#### Task directions
The following data has a line with "Double Curly Double" and a line with "Gucci Gucci GG". Write out exactly those lines and all the lines between them.

#### Material for this exercise

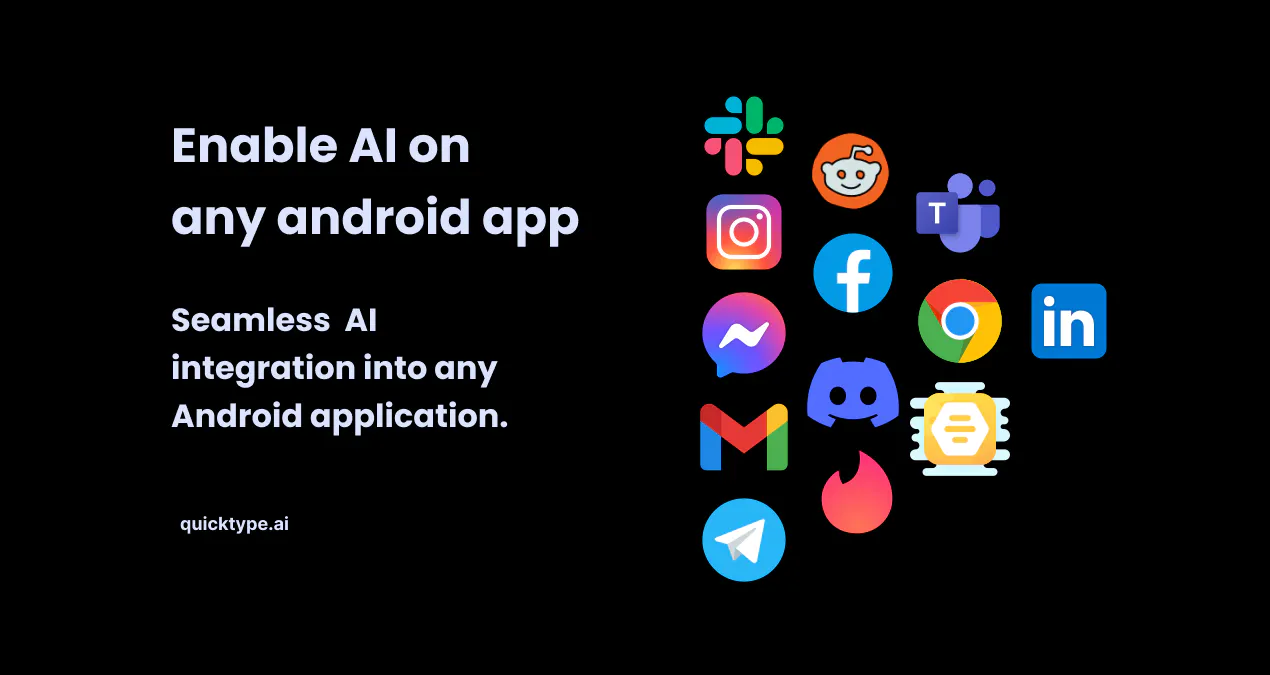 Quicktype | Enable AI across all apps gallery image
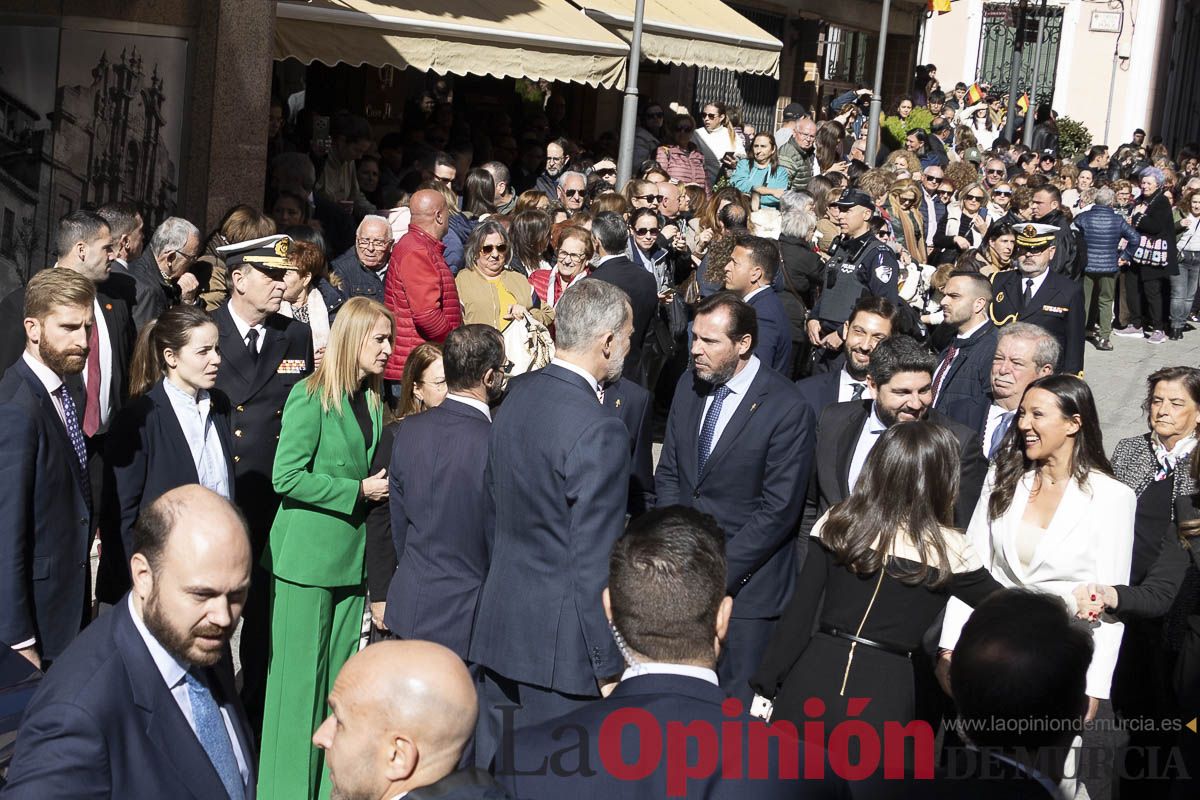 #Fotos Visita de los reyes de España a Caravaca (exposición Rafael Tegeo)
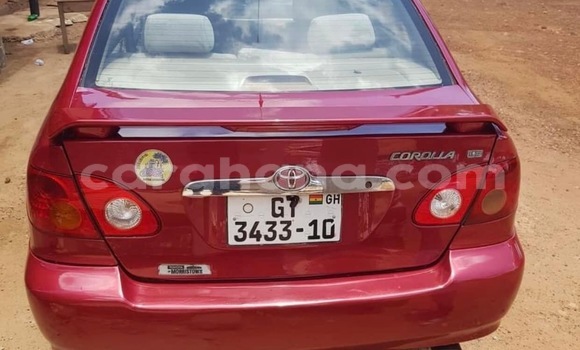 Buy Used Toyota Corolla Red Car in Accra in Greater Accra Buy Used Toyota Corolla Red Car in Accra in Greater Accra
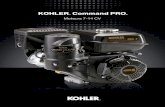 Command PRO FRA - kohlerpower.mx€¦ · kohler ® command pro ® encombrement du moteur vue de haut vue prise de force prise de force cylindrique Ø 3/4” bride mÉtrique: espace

---

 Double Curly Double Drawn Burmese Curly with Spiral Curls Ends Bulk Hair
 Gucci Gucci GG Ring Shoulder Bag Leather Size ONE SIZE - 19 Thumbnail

---

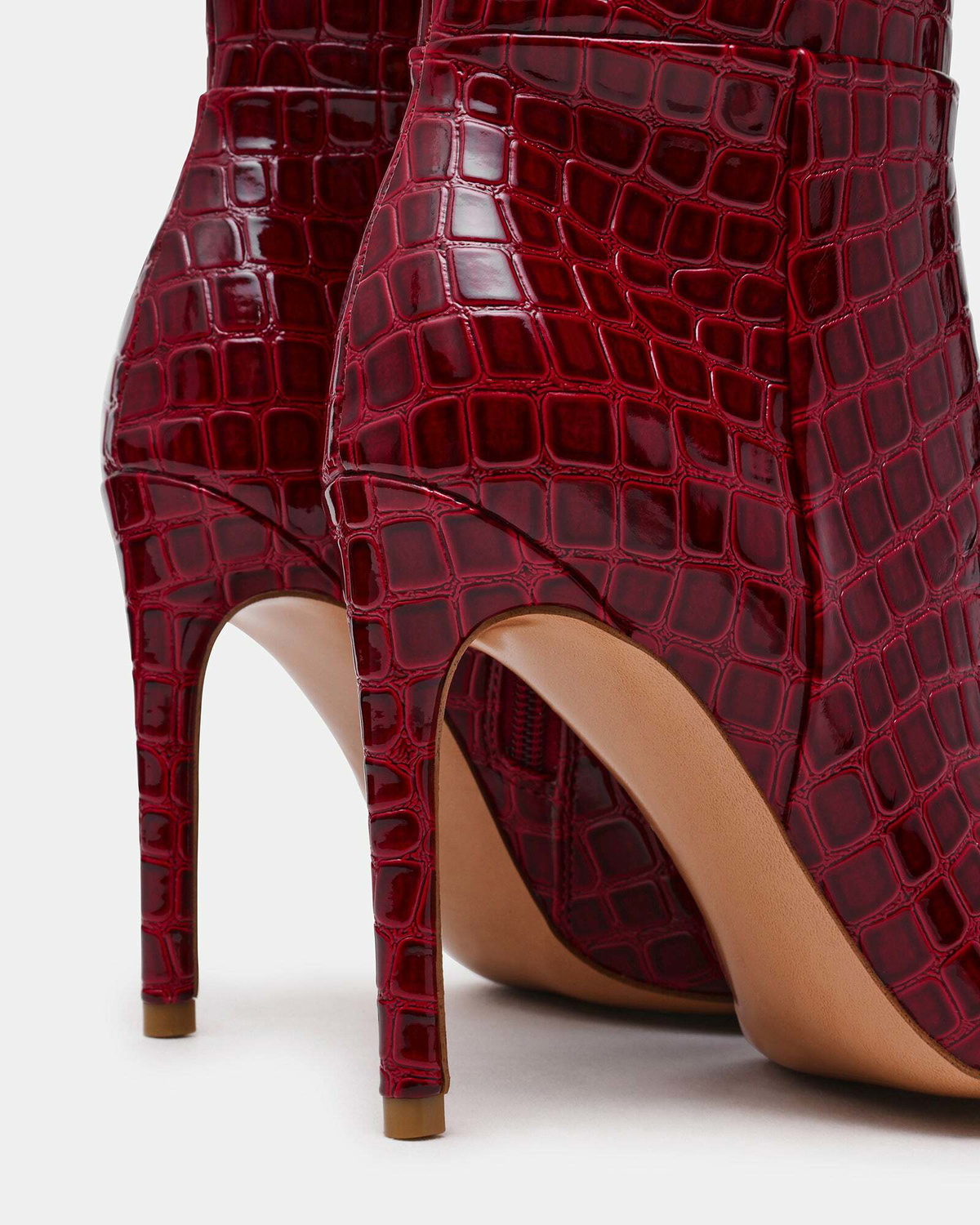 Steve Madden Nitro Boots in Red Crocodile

#### Response area
 Double Curly Double Drawn Burmese Curly with Spiral Curls Ends Bulk Hair
 Gucci Gucci GG Ring Shoulder Bag Leather Size ONE SIZE - 19 Thumbnail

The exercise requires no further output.